### Work task
Please return all records verbatim, no pictures.

### Data to examine
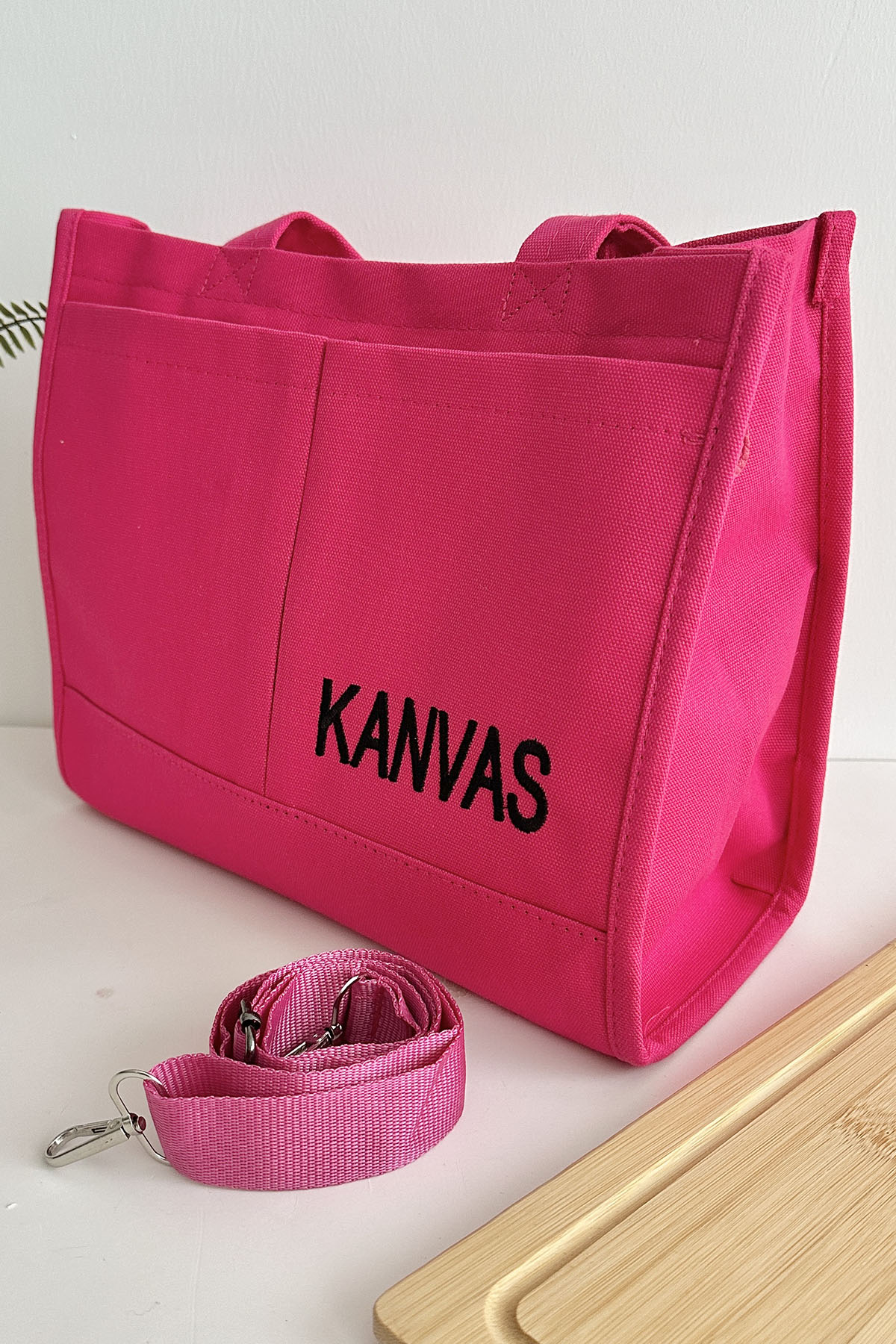 Lamelif Kanvas Nakışlı Kadın Çapraz Çanta Fuşya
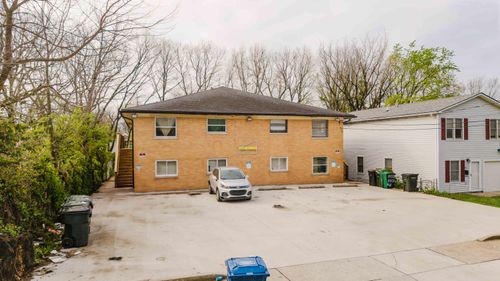 438 Elm St, Lexington, KY, 40508-1182 | Card Image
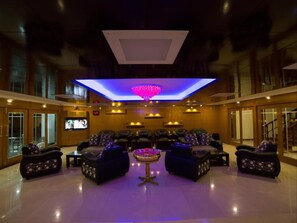 Lounge no saguão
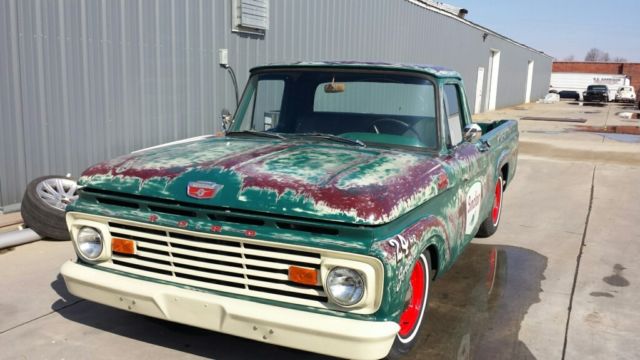 1963 Green Ford F-100 U/K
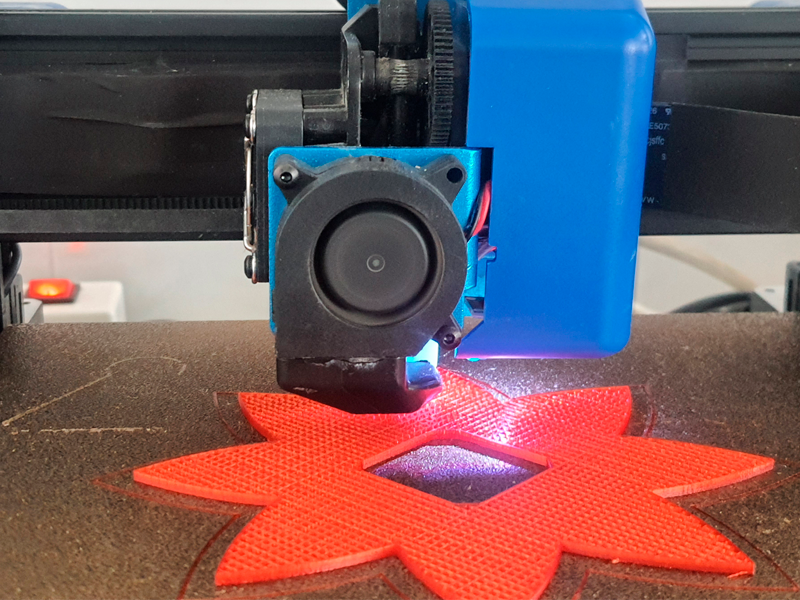 3D printing with Crystal PLA filament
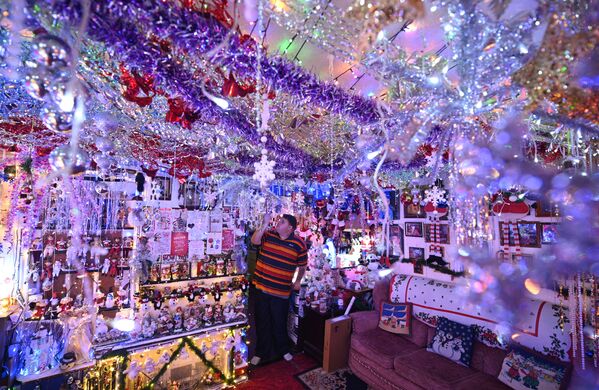 Дом в рождественских декорациях в Северной Англии  - Sputnik Узбекистан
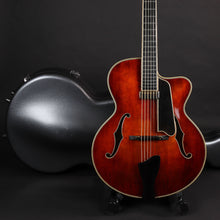 Load image into Gallery viewer, Eastman AR905CE Classic (Pre-owned)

### Solution to the problem
 Lamelif Kanvas Nakışlı Kadın Çapraz Çanta Fuşya
 438 Elm St, Lexington, KY, 40508-1182 | Card Image
 Lounge no saguão
 1963 Green Ford F-100 U/K
 3D printing with Crystal PLA filament
 Дом в рождественских декорациях в Северной Англии  - Sputnik Узбекистан
 Load image into Gallery viewer, Eastman AR905CE Classic (Pre-owned)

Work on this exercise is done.